Where do these fears and feelings of inadequacy come from? From my experience it comes from a lack of trust. It comes from a lack of trust within yourself, and a lack of trust in God/the universe, whatever you want to call it. Because of this lack of trust, you therefore become hyper aware of the supposed “success” of others. Their lives seem much easier, happier, and more fulfilling than your own. You don’t actually know this for a fact, it’s a story that you have told yourself to explain your own unhappiness. For whatever reason, you have chosen to believe that you aren’t enough (good enough, smart enough whatever), that you don’t have enough, and you are aren’t doing enough.  There never seems to be enough, and therefore you are never satisfied, and you are never happy. Instead of living a life of abundance and gratitude, you end up living a life of scarcity. In our egocentric, capitalist society, there is always an element of scarcity. You can never have enough things, enough money, enough fame, enough success. There’s never enough. This is a story we tell ourselves, and it leaves us feeling left behind. What about me?! Well you wouldn’t be worried about that, if you felt as though you would be taken care of; if you felt as if you could take care of yourself, and that the universe or God was always looking out for you.

The person asking the question “what about me?” Is your ego talking. It is the small me. It is the small version of ourselves that we sometimes confuse for our actual selves. It is the part of ourselves that is always measuring up to others. It is the part of ourselves that is always trying to define itself by separating itself from others either in a positive light, or in a negative light. It is the part of ourselves that doesn’t see past our own self, it is the part of ourselves that is only truly concerned about ourselves. Our ego may trick us into thinking we aren’t selfish because we seem to care about our friends and family. However, a lot of times these people are seen as an extension of ourselves. If we stop concerning ourselves with ourselves, we might actually be happier. If we stop worrying about our lives, and start living our lives we would be a lot happier.

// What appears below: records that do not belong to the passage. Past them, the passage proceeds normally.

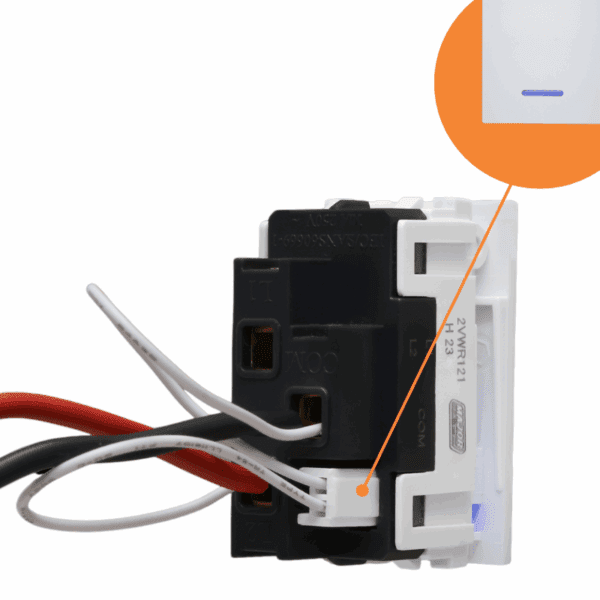 VETi 2 - Blue LED Light - Modular - Image 2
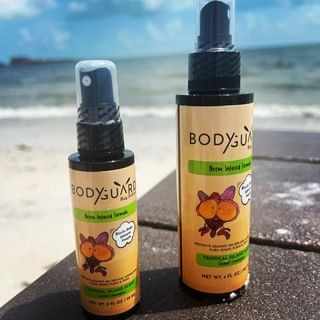 Bodyguard BugSpray – Natural Insect Repellent for Home, Pets & Outdoor Living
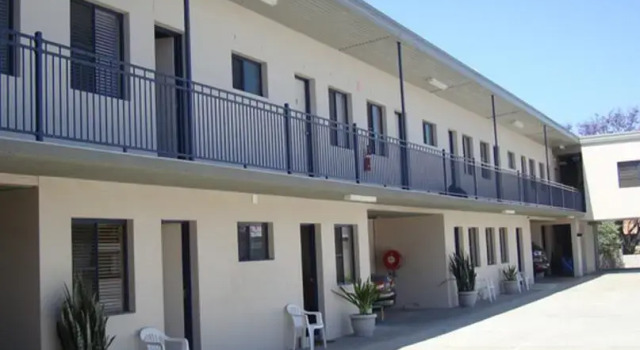 Номер Economy Red Cedar Motel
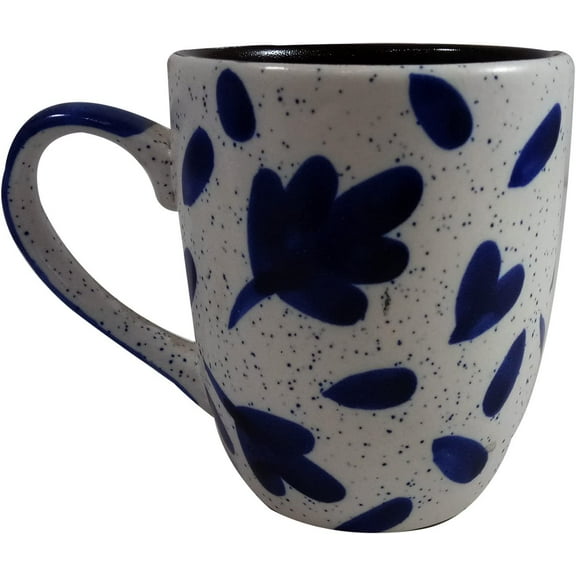 India Meets India Handicraft Ceramic Mug Tea Mug Ceramic Coffee Mug 250 ml, Best Gifting, Made By Awarded Indian Artisan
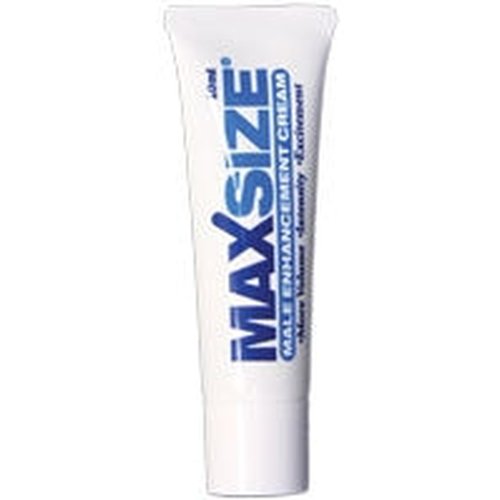 MAX SIZE CREAM 10ML - MDMSC10ML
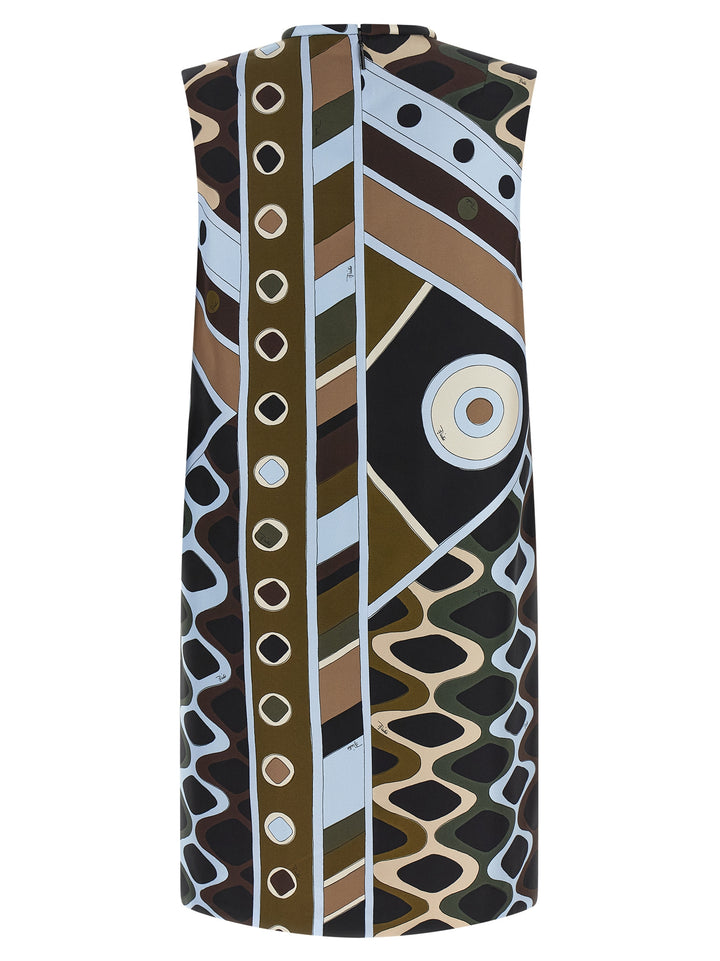 Emilio Pucci Vivara Abiti - Multicolor | 3f626961c6e0bbda2730aaeb9738e53b70609aae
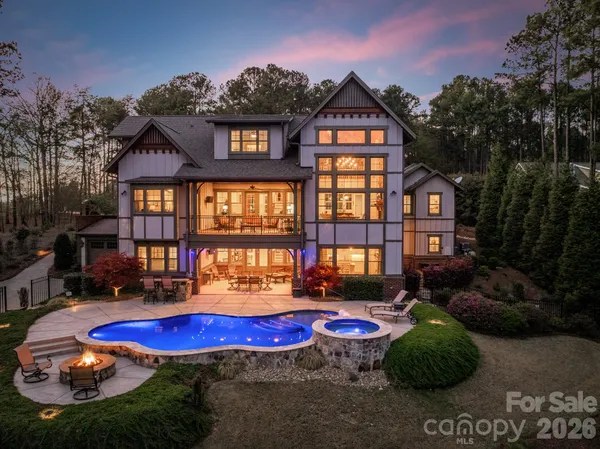 $2,575,000 | 18321 Rosapenny Road, Charlotte, NC 28278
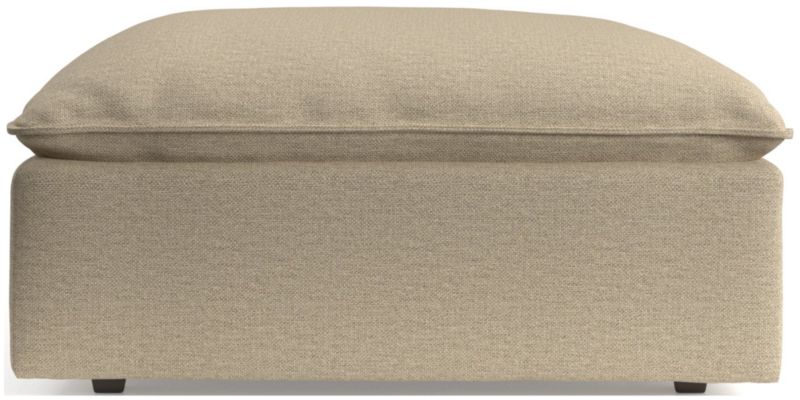 Lotus Deep Modular Ottoman - image 0 of 5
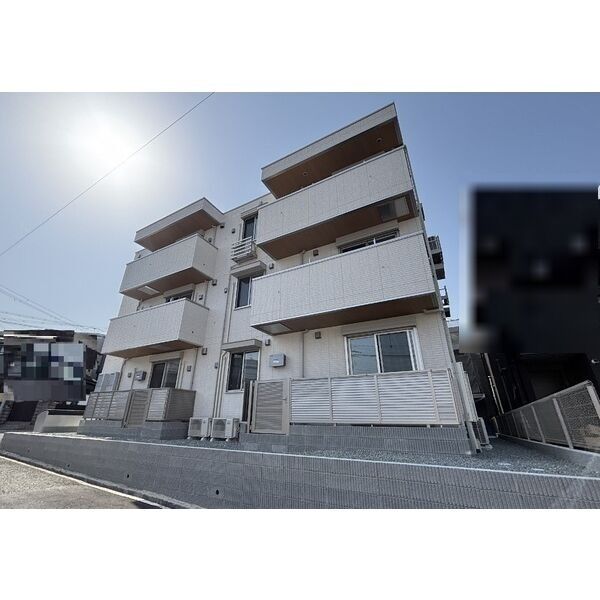 サンパティーク東町の外観3枚目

Below are some questions that I found in this book called Big Magic, that really got me thinking about what speaks to my soul. It got me thinking about the things that bring me such joy. The kind of joy that makes me want to shout from the hilltops and share it with the rest of the world. That feeling, is the feeling that you need to chase, no matter how challenging it may seem, because it’s not always going to be easy but it will always feel right. A quote from the happiness project, “happiness is feeling good, feeling bad, and feeling right.” You need to know what it feels like to feel “bad,” so that you know what to avoid so that you feel good, but sometimes even the things that make you the happiest don’t always make you feel good, but they always feel right, and that’s super important. When things feel right, they are in line with your values, they are in alignment with your purpose, and ultimately they are in line with your being. You just need to trust in that feeling, in things feeling right, even though it may be difficult at times. Keeping all of that in mind, reflect on the following questions and how they relate to you. What would you do even if you knew that you might very well fail? What do you love so much that the words failure and success eventually become irrelevant? What do you love more than you love your own ego? Why should I go through all the trouble to make something if the outcome might be nothing? Well the answer to the last question should be, because it’s fun right? What else are you going to do with your time here on earth, not make things? Not do interesting stuff? Not follow your love and curiosity?

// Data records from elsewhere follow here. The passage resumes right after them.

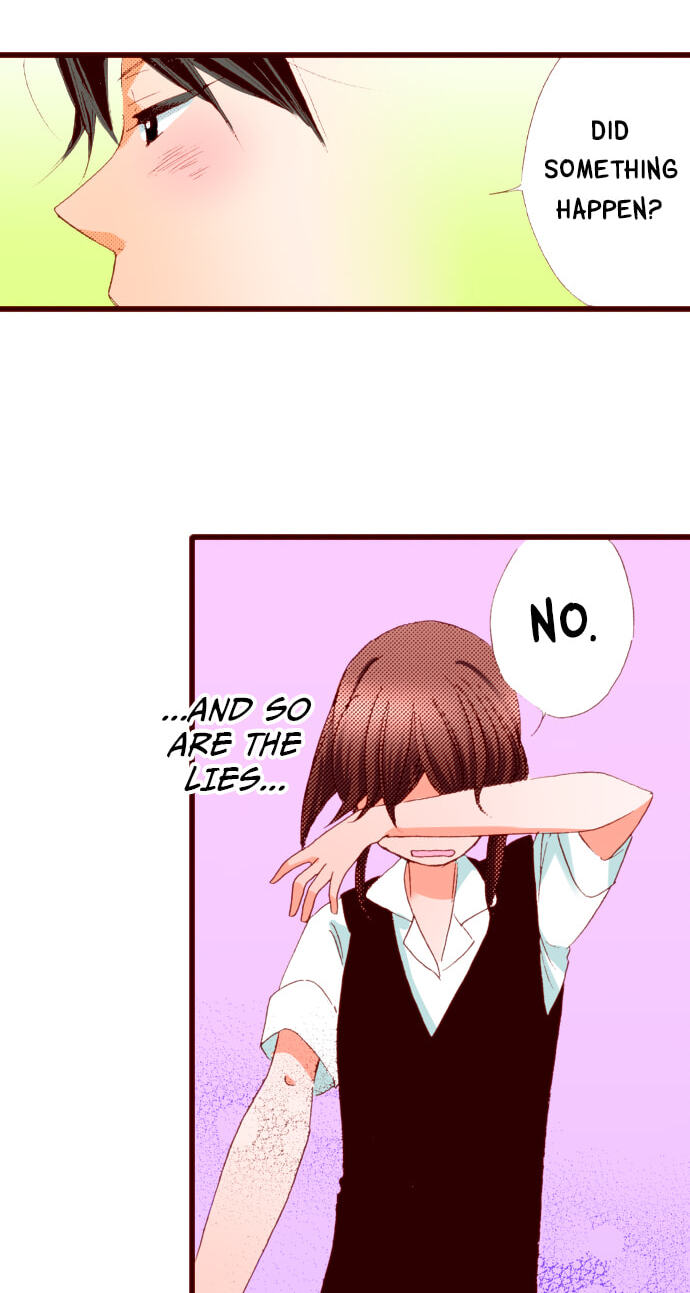 Bittersweet (Yung Gong) Chapter 17 page 13 - 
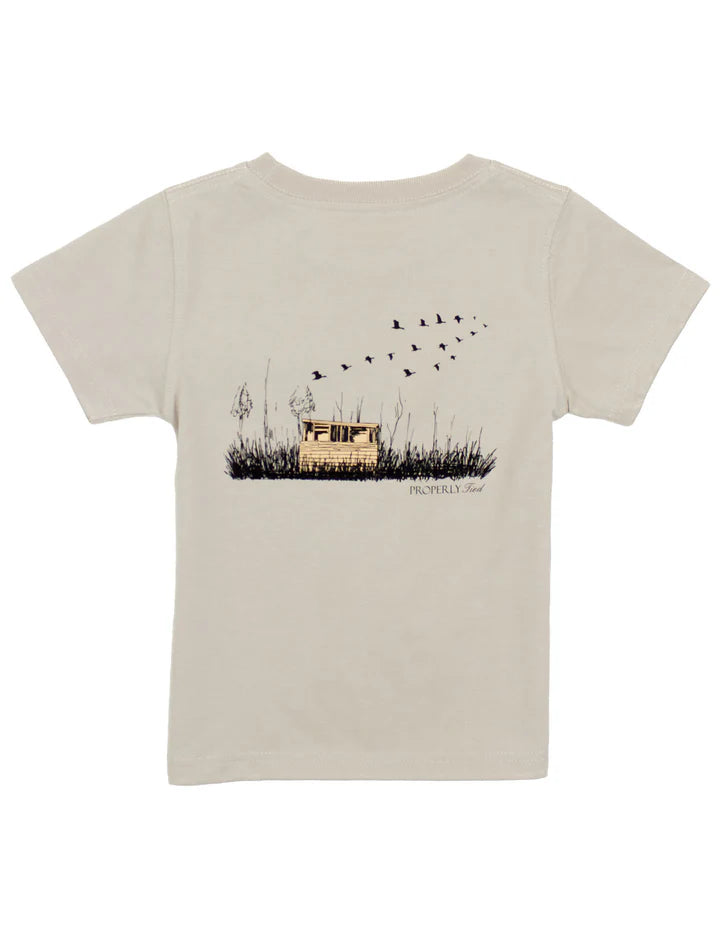 Boys Properly Tied short sleeve tshirt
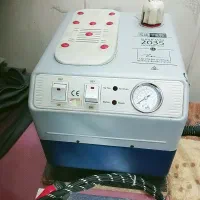 اتو سیتلر اصل ترک.با کارتن.در حد نو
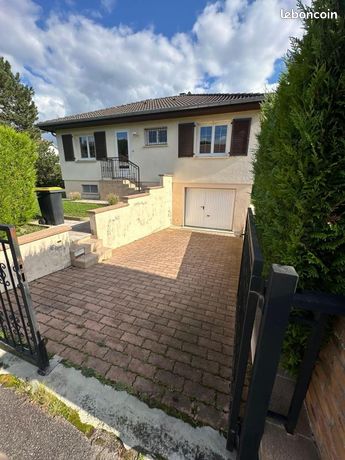 Maison 4 pièces 70 m²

Think about all that and how it applies to your life. We don’t know how long we have on this earth, and we should never take that for granted even though most of us do, because literally anything could happen to you. So with that in mind, how do you want to spend your time here on earth? How would you fill your life with happiness? You know the answers to these questions deep in your heart, you just need to quiet the thoughts in your mind long enough so that you can come to understand it, and believe in it.